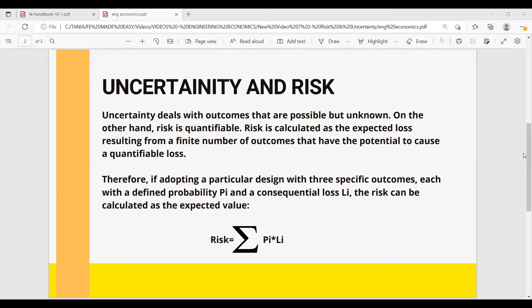Therefore, if adopting a particular design with three specific outcomes, each with a defined probability P_I and a consequential loss L_I, the risk can be calculated as the sum of the three products. Let's work on an example.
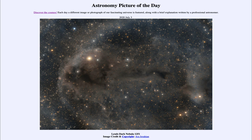That was our picture of the day for July the 3rd of 2020, titled Lin's Dark Nebula 1251. We'll be back again tomorrow for the next picture, previewed to be transient luminous events, so we'll see what that's about tomorrow. Until then, have a great day everyone, and I will see you in class.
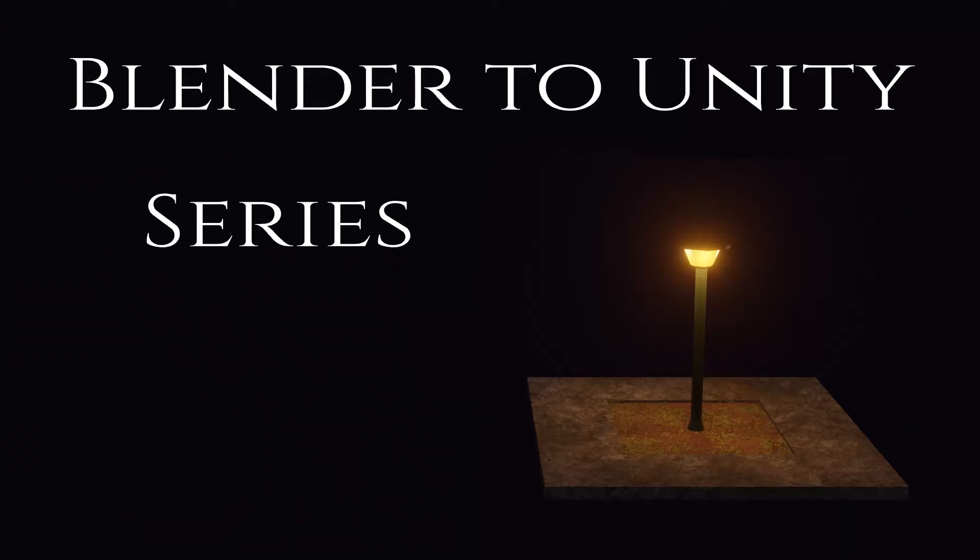The purpose of this series is to show the process that I use to create Blender models and bring them to Unity, trying to include all the steps involved.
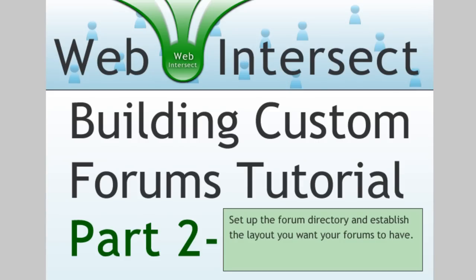How you doing everybody? Adam from DevelopPHP.com here once again with part two of our tutorial series on building custom forums into your website.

> _About this task_: Omit pictures; set down the rest of the material word for word.

> _Response to the exercise_:
Therefore, if adopting a particular design with three specific outcomes, each with a defined probability P_I and a consequential loss L_I, the risk can be calculated as the sum of the three products. Let's work on an example.
That was our picture of the day for July the 3rd of 2020, titled Lin's Dark Nebula 1251. We'll be back again tomorrow for the next picture, previewed to be transient luminous events, so we'll see what that's about tomorrow. Until then, have a great day everyone, and I will see you in class.
The purpose of this series is to show the process that I use to create Blender models and bring them to Unity, trying to include all the steps involved.
How you doing everybody? Adam from DevelopPHP.com here once again with part two of our tutorial series on building custom forums into your website.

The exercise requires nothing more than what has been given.